These bull sessions take up most of the space during the first week, and too much of the chatter, supplied by familiar names from the MSNBC bookers’ catalog such as Senator Bernie Sanders, Michelle Goldberg, David Axelrod, and Ezra Klein, has the musty aroma of pre-chewed Beltway blather. I have no problem listening to politicians and political reporters talk about politics, but in there’s not much diversity of background or opinion among the folks who come on Hayes’ show to discuss what an oil spill in a suburban neighborhood (thanks to a busted, 80-year-old underground pipe) or the hurt caused to average Americans by the sequestration. It’s all pretty cozy. And even reporters have might have something to report tend to save their best sound bites for when they feel challenged to make their case, not just say what they were booked to say in order to make the host nod his head.

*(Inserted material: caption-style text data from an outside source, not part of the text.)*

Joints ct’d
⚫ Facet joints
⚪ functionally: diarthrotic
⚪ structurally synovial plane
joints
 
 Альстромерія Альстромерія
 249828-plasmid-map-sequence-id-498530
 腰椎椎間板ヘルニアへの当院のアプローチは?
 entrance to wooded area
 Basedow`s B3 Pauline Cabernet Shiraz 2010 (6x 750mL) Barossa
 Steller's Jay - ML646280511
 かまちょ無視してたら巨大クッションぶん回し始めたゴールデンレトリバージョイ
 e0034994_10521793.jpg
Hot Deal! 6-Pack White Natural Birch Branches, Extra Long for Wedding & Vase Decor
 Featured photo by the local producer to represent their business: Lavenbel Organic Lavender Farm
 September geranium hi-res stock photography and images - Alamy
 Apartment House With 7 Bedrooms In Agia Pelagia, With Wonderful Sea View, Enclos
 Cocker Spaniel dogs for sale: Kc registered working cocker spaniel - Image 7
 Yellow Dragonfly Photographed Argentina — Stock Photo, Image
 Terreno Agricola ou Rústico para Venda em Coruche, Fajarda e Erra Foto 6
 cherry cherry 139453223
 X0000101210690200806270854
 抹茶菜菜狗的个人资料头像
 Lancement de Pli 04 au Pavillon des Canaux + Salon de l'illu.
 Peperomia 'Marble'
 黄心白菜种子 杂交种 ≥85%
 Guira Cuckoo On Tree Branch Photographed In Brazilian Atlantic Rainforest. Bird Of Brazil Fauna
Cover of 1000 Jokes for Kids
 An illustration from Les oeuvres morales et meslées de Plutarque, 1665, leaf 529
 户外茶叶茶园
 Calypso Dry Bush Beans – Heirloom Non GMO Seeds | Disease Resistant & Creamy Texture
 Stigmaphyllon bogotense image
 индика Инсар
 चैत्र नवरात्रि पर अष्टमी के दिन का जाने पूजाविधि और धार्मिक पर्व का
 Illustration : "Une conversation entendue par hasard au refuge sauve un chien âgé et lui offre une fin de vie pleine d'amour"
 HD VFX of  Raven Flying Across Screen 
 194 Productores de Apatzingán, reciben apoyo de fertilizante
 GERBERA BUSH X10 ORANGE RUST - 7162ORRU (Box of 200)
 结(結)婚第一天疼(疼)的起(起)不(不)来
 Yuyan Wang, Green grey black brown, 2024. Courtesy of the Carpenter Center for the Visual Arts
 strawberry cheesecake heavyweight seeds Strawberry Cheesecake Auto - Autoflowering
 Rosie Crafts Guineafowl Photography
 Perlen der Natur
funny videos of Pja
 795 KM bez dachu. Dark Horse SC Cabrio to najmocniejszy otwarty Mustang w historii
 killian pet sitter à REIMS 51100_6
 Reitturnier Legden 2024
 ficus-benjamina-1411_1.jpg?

Maddow’s show took a while to find its secure footing, and it has to be said that Hayes’ best moments so far have taken place toward the end of the week. A conversation on Thursday about the strike by fast-food workers in New York City benefited from the presence of some people who don’t count on TV appearances as a regular part of their workload. It was also the first discussion that made room for someone who was clearly a member of the opposition, though the nice young man from the restaurants’ association looked as if he’d bent sent on the show as part of a hazing ritual. (Not showing much of an instinct for the killer instinct, Hayes reached over at one point and assured the poor guy that he liked him personally.)
And there were some actual fireworks and bits of usable information during the final segment of the week, a debate—among a former head of the Social Security Administration, an advocate for the disabled, and a representative from the Manhattan Institute— over whether federal disability payments have become a de facto welfare program. There was also the promise of fireworks in the long opening discussion, about the illogic of some of the laws governing reproductive rights and other issues of special concern to women, or, as Hayes put it, how this country has “real politics, and crazy vagina politics.” Hayes put together an impressive diverse, ethnically mixed panel of women to participate, but he lost the firm hand on the steering wheel that the host of a show like this needs, and as the panelists began to talk over each other too many times, it became too easy to lose track of who was saying what and tune out.
Hayes seems like a nice guy, and that may not be an act. If so, it's a problem, because hosting a TV show, especially one where people make unscripted conversation, isn’t really a job for a nice person, as Merv Griffin devoted his whole life to proving. Rachel Maddow seems nice, which is part of her appeal, but there’s a steeliness at her core, and Keith Olbermann didn’t even pretend to be nice. If Hayes is married to this format, he might be the first cable news host who needs to start pretending to be less nice than he is. Seeming to have a capacity for boredom and irritation might scare his guests into at least pretending to be interesting.